» Directions for this task
Using the entries below, restate word for word only the lines from the one with "Vitor Pereira of" to the final line, leaving the pictures out.
Information provided: Begin
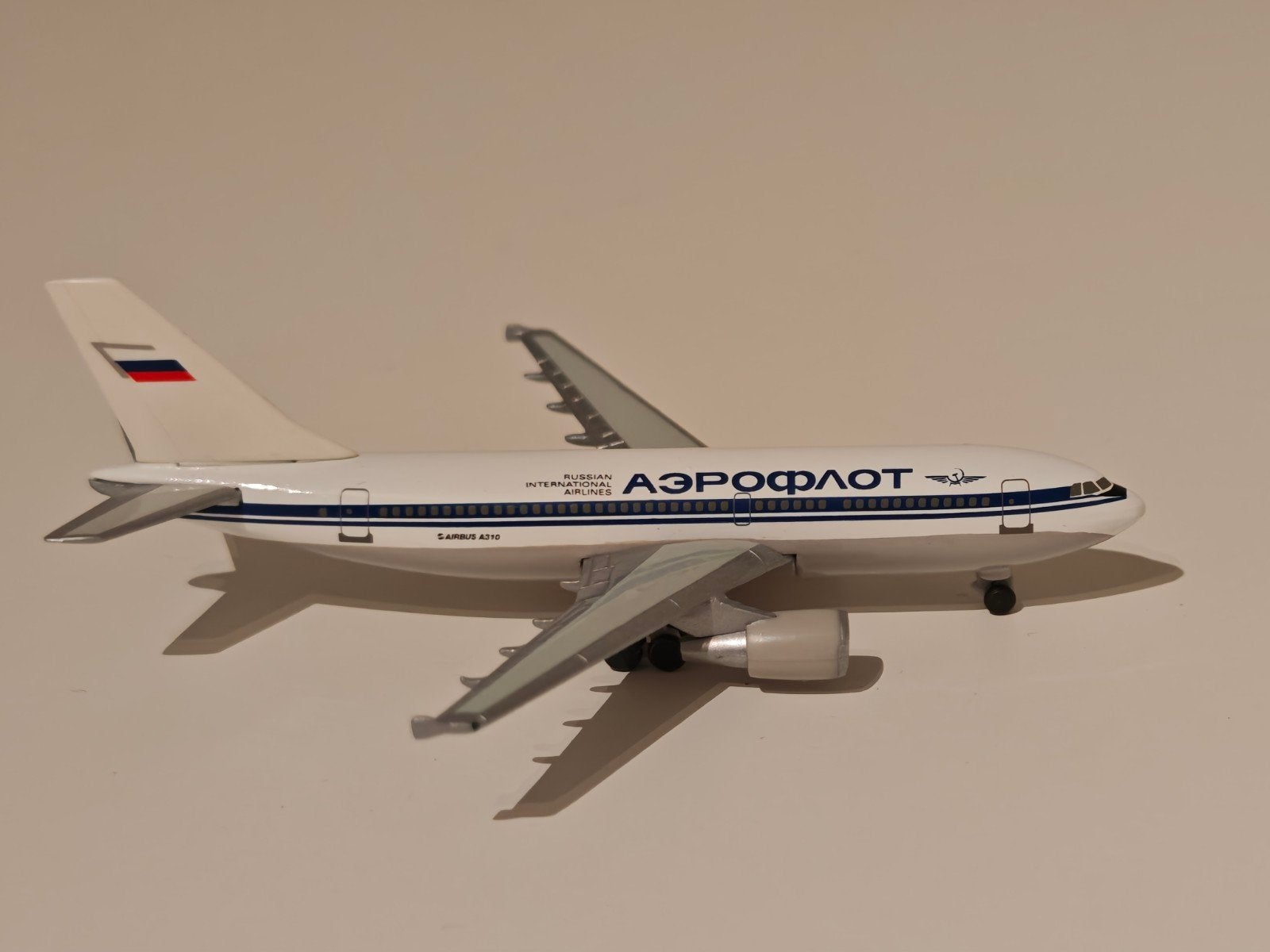 Aeroflot Airbus A310-300 1:500 (Vintage - Non immatriculé), Collections, Enlèvement ou Envoi, Utilisé, Modèle réduit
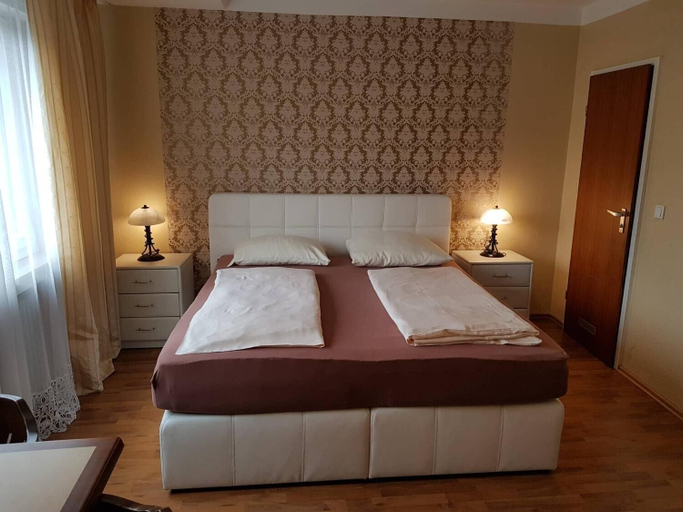 Bedroom 4, Rheinischer Hof Leverkusen, Leverkusen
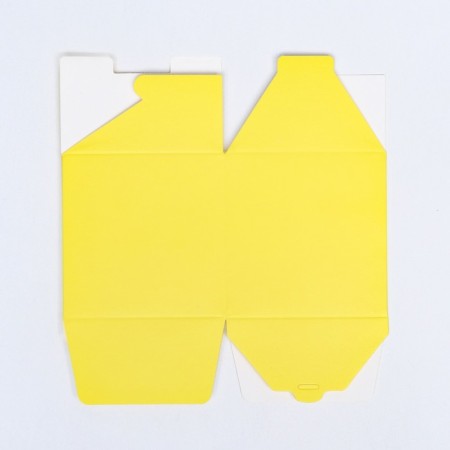 The box is folding, square, yellow, 8 x 8 x 8 cm,-3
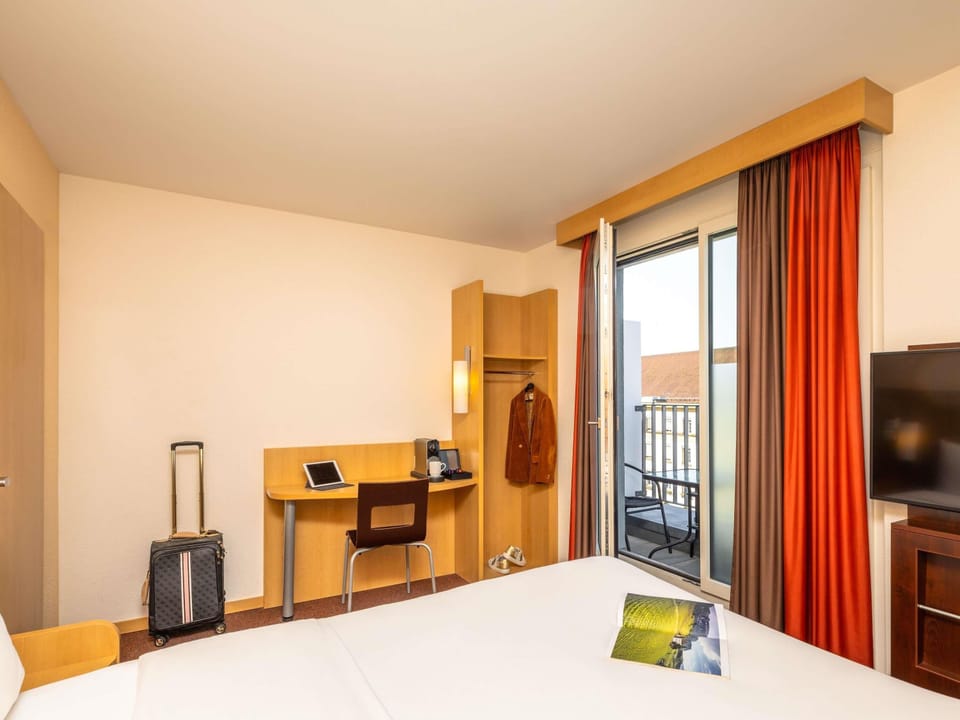 Comfort Double Room, 1 Double Bed, Balcony | Desk, blackout drapes, soundproofing, free WiFi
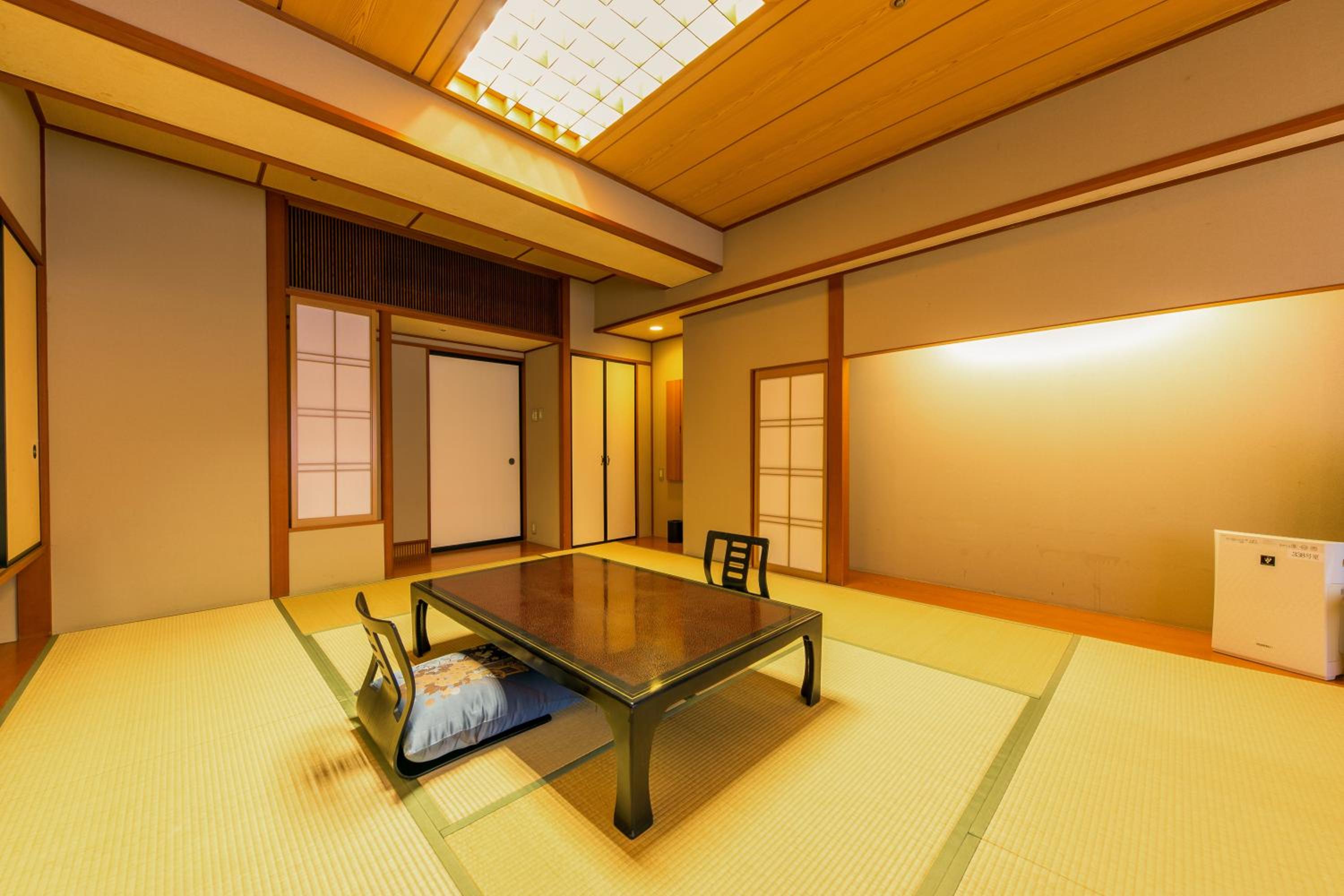 Japanese-Style Room with City View - Photo 6
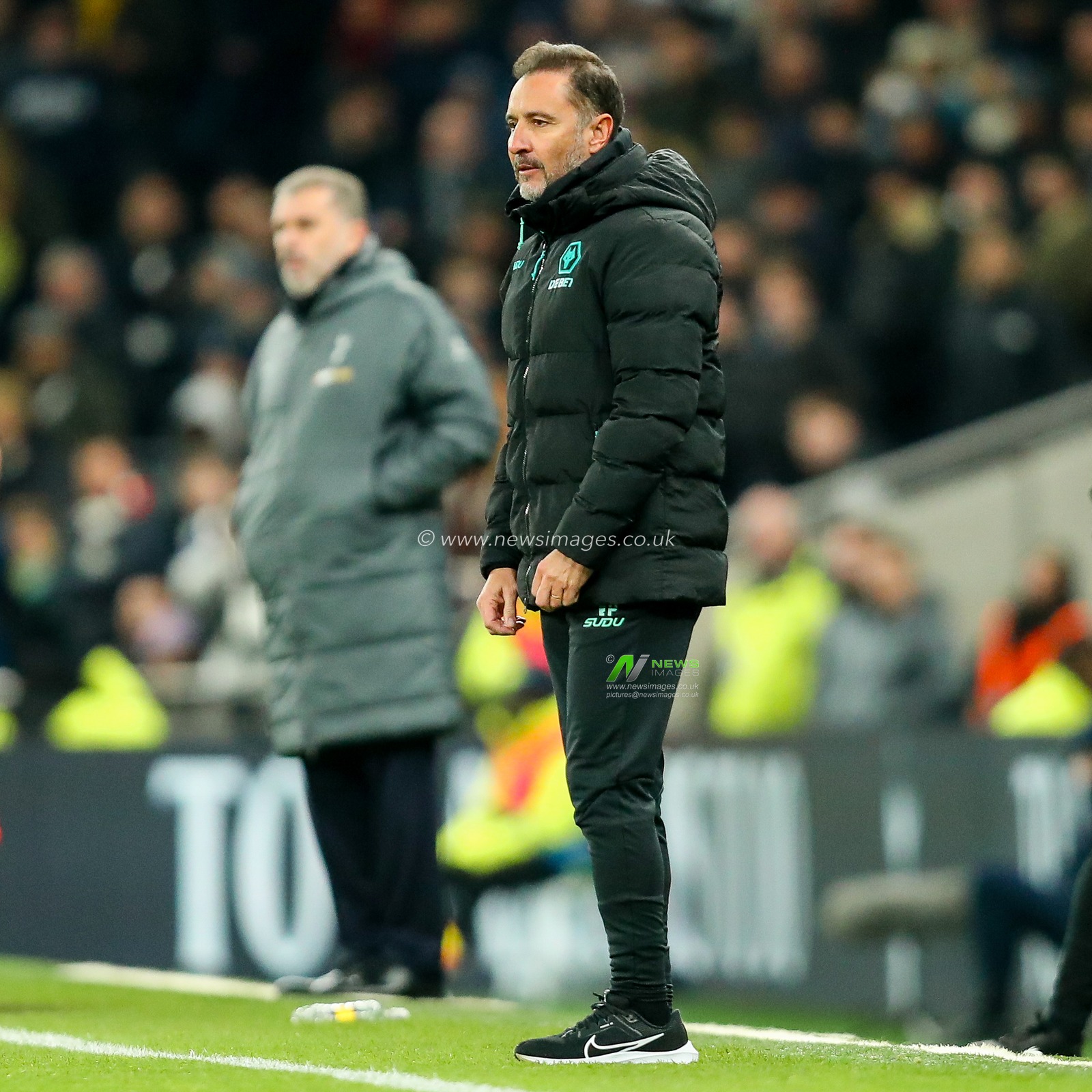 Vitor Pereira of Wolverhampton Wanderers looks on during the Premier League match Tottenham Hotspur vs Wolverhampton Wanderers at Tottenham Hotspur Stadium, London, United Kingdom, 29th December 2024

(Photo by Izzy Poles/News Images)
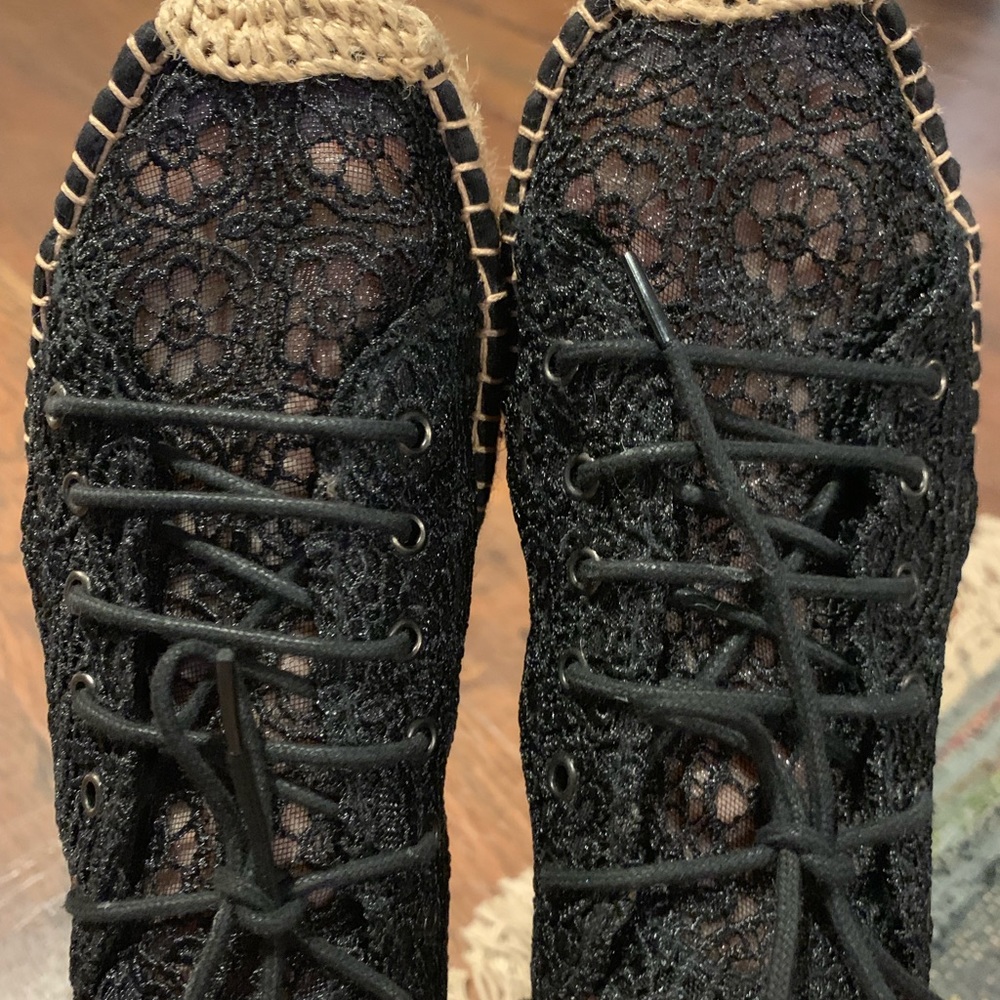 Lace platform espadrilles. - Picture 2 of 8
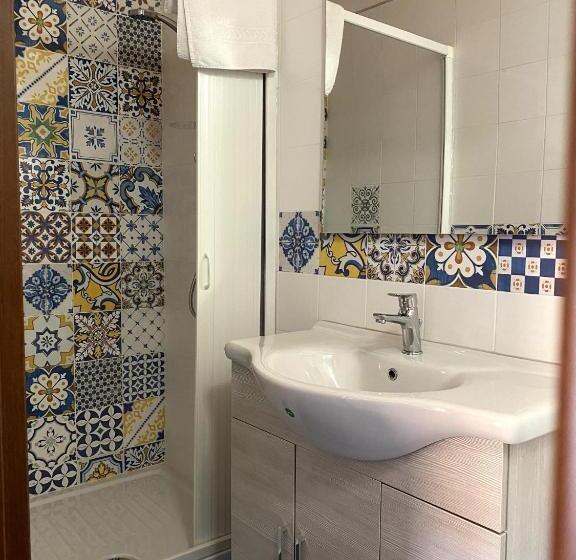 4인용 스탠다드 룸, B&b Kamaraton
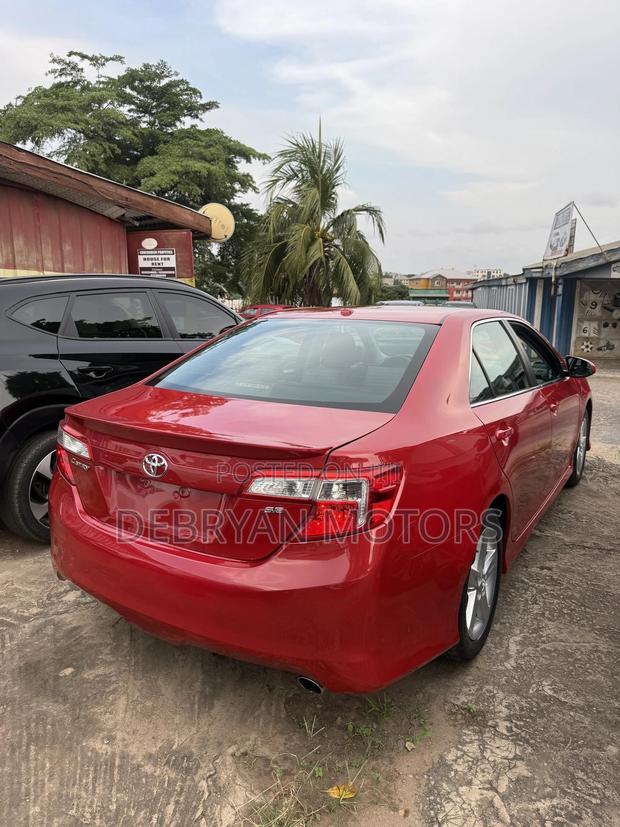 Toyota Camry SE Sport 4dr Sedan (2.5L 4cyl 6A) 2014 Red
Information provided: End
» Finished task
 Vitor Pereira of Wolverhampton Wanderers looks on during the Premier League match Tottenham Hotspur vs Wolverhampton Wanderers at Tottenham Hotspur Stadium, London, United Kingdom, 29th December 2024

(Photo by Izzy Poles/News Images)
 Lace platform espadrilles. - Picture 2 of 8
 4인용 스탠다드 룸, B&b Kamaraton
 Toyota Camry SE Sport 4dr Sedan (2.5L 4cyl 6A) 2014 Red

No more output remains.